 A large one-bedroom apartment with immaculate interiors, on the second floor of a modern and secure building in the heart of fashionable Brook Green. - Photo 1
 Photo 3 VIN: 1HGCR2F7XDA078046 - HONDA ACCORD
──────────────────────────────
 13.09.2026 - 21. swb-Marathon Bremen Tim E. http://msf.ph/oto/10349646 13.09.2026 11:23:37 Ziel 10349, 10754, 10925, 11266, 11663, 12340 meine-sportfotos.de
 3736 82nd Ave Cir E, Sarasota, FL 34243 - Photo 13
──────────────────────────────
**WHAT TO PRODUCE:** Where the line holding "A large one-bedroom" appears in the listing above, start reproducing exactly, and end with the line holding "Photo 3 VIN: 1HGCR2F7XDA078046".

**EXERCISE RESPONSE:**
 A large one-bedroom apartment with immaculate interiors, on the second floor of a modern and secure building in the heart of fashionable Brook Green. - Photo 1
 Photo 3 VIN: 1HGCR2F7XDA078046 - HONDA ACCORD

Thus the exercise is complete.